═════ Record set

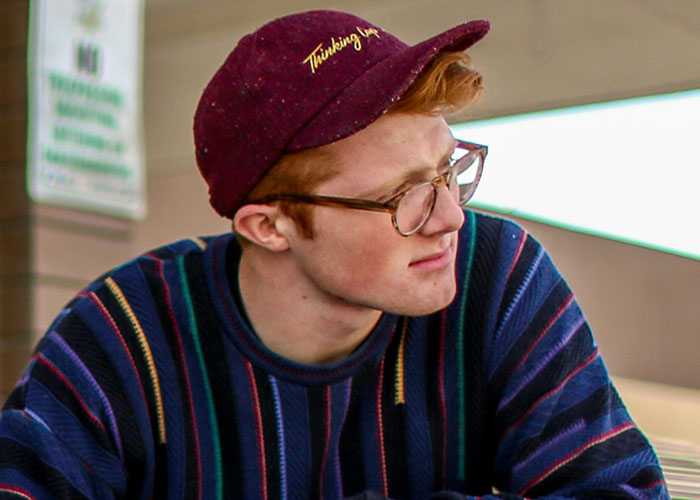 A person in glasses and a striped sweater, wearing a maroon cap, looking thoughtful.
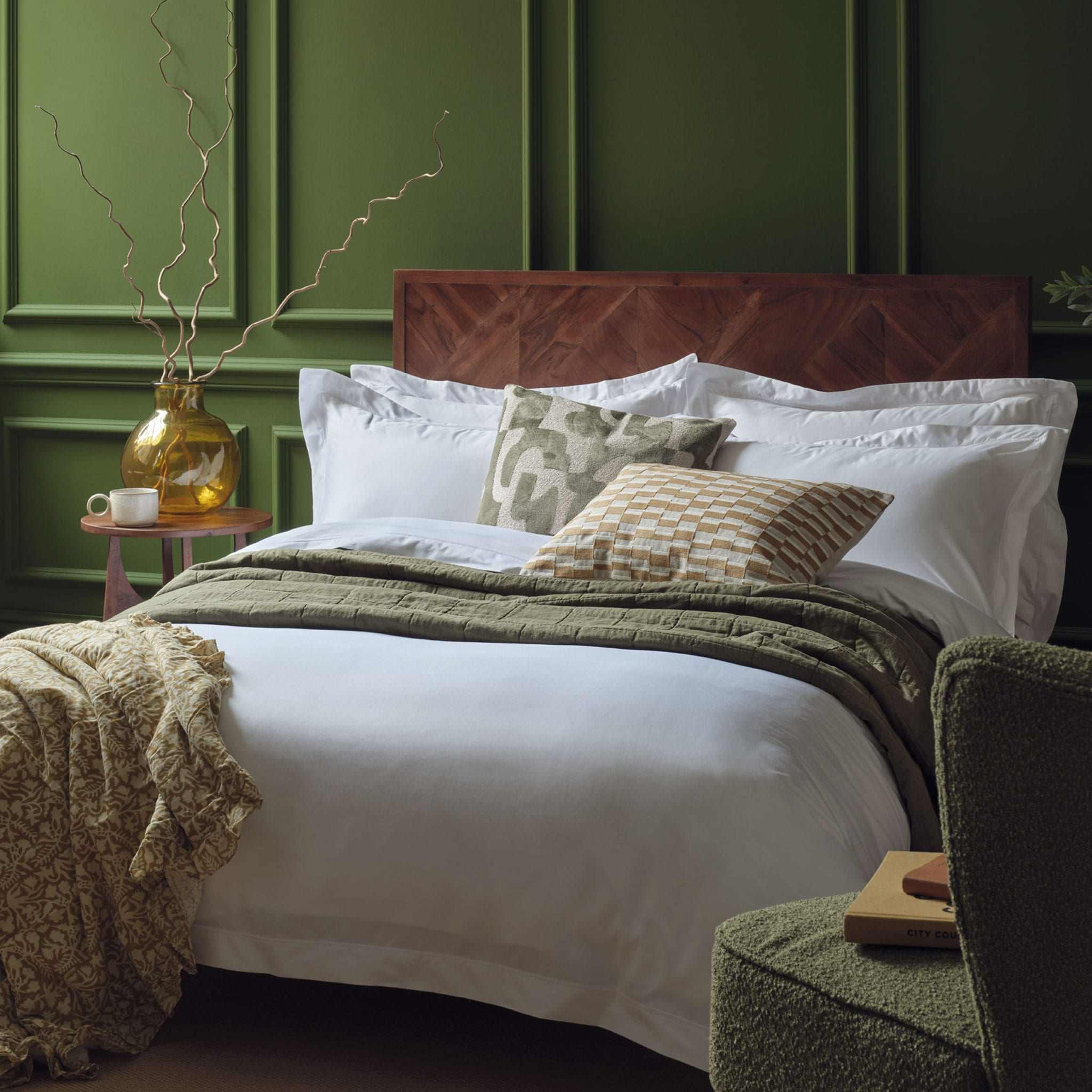 Egyptian cotton bedding in white on a made bed in a luxurious bedroom. Scooms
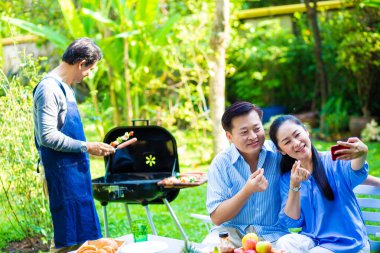 Park 'ta barbekü ızgara yemek partisi veren Asyalı mutlu bir arkadaş.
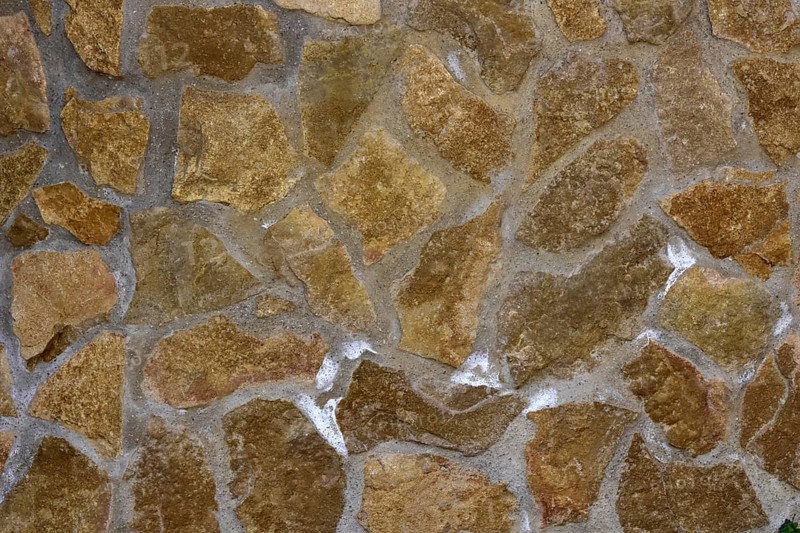 Damp natural stone wall with efflorescent saltpetre Salt
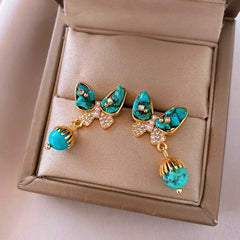 Angled view of the 14K Gold-Plated Elegant Zircon Butterfly Bohemian Earrings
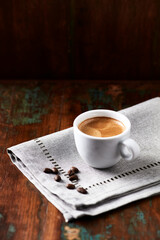 Cup of coffee on rustic wooden background. Copy space.	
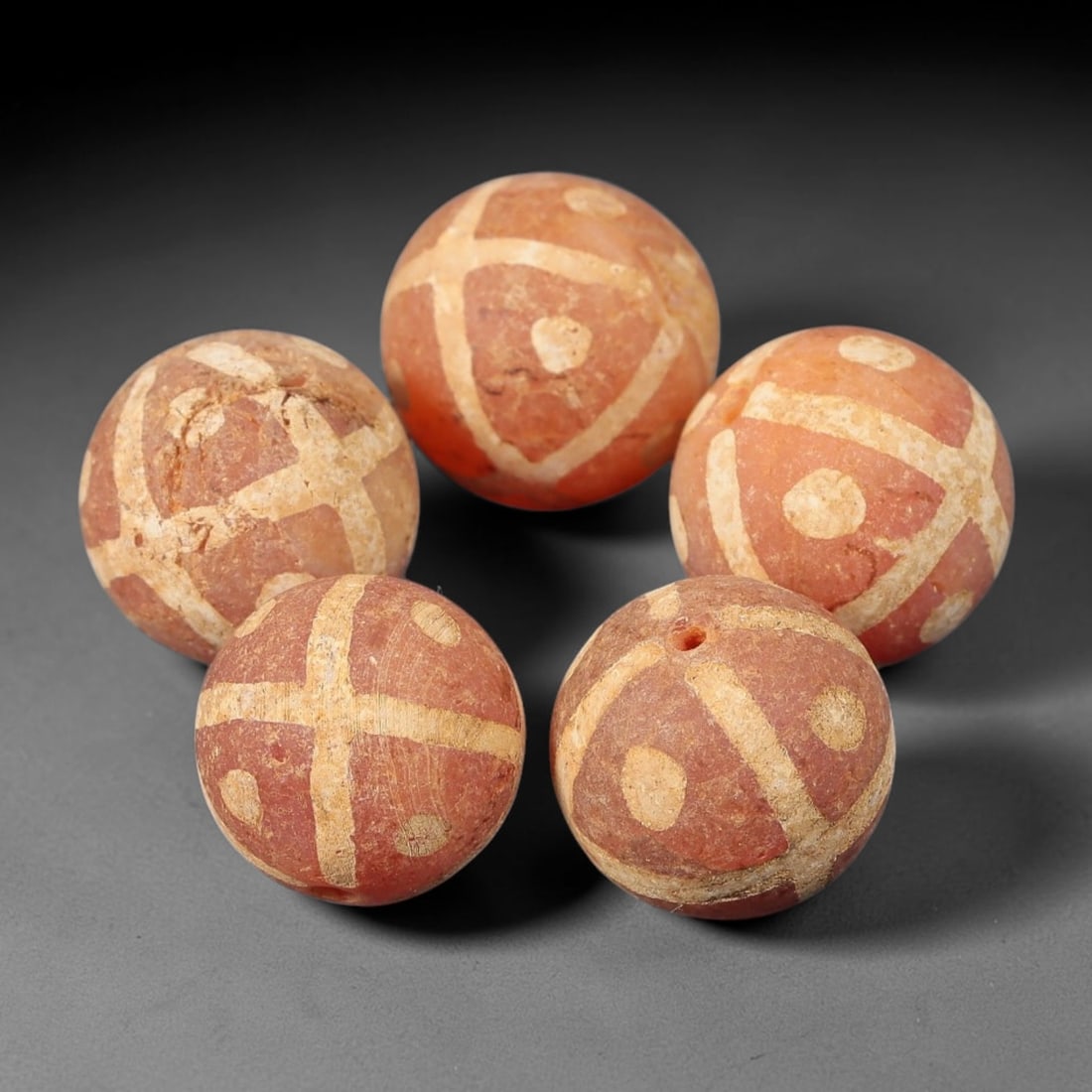 Ancient Gandhara Carnelian Etched Beads, Set of 5, 48BE: Carved from natural carnelian, this set of five spherical beads features intricate white etched geometric cross motifs and circular accent details across their surfaces. Each bead has a lateral drille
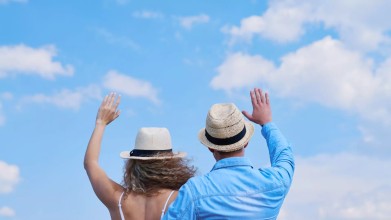 Middle-aged couple with backs to us wave goodbye to children as they enter empty-nest years. The sky is blue and beautiful, symbolizing hope for a full marriage and a happy future.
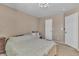 Neutral bedroom with a large bed and two closets at 7720 Leavorite Dr, Las Vegas, NV 89128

══════════

** Work instructions **
When the line that holds "Middle-aged couple with" is reached, begin duplicating exactly, and continue through the last line of the listing, skipping the pictures; output nothing else.

** Completed exercise **
 Middle-aged couple with backs to us wave goodbye to children as they enter empty-nest years. The sky is blue and beautiful, symbolizing hope for a full marriage and a happy future.
 Neutral bedroom with a large bed and two closets at 7720 Leavorite Dr, Las Vegas, NV 89128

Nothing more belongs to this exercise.